__Your goal__
Search the material below for the string "from" and list each line that holds it.

__Given data__
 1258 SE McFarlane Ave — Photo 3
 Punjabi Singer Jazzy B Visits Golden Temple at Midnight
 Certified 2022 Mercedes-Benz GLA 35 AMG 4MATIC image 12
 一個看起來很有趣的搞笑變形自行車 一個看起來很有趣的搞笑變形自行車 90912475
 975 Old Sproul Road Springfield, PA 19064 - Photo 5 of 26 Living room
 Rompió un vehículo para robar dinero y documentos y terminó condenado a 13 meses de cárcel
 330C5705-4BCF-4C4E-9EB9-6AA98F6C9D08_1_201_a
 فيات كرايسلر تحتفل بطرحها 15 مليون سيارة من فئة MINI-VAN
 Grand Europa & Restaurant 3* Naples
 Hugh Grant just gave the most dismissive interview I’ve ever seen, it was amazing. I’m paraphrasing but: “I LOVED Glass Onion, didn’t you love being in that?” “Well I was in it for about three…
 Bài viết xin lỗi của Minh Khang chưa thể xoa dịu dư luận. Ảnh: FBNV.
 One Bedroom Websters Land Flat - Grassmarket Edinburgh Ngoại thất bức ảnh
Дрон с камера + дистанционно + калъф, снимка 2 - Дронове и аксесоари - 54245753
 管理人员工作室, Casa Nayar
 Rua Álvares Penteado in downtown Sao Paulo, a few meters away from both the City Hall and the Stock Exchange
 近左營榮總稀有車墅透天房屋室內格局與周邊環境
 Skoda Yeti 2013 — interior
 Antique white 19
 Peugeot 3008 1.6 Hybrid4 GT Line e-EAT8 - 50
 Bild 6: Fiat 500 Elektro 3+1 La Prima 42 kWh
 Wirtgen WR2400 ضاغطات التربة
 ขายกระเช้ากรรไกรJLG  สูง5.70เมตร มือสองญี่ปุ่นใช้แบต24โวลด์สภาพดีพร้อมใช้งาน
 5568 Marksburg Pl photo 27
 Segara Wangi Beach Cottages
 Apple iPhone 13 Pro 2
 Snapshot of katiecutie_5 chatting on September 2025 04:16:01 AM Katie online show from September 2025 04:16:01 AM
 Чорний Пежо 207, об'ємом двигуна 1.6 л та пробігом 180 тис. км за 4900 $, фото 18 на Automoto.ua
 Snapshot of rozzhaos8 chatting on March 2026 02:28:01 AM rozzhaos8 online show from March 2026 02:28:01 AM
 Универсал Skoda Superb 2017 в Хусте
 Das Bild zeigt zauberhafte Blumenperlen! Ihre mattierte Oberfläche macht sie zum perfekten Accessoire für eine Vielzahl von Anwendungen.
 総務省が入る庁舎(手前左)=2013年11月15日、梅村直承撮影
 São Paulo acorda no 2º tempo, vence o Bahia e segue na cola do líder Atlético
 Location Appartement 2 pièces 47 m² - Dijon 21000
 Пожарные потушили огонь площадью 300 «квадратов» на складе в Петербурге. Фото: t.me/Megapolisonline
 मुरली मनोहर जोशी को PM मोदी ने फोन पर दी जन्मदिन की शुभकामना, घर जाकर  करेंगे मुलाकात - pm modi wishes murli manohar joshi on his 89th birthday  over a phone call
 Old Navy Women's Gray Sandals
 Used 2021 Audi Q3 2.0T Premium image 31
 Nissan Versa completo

__Task result__
 Rua Álvares Penteado in downtown Sao Paulo, a few meters away from both the City Hall and the Stock Exchange
 Snapshot of katiecutie_5 chatting on September 2025 04:16:01 AM Katie online show from September 2025 04:16:01 AM
 Snapshot of rozzhaos8 chatting on March 2026 02:28:01 AM rozzhaos8 online show from March 2026 02:28:01 AM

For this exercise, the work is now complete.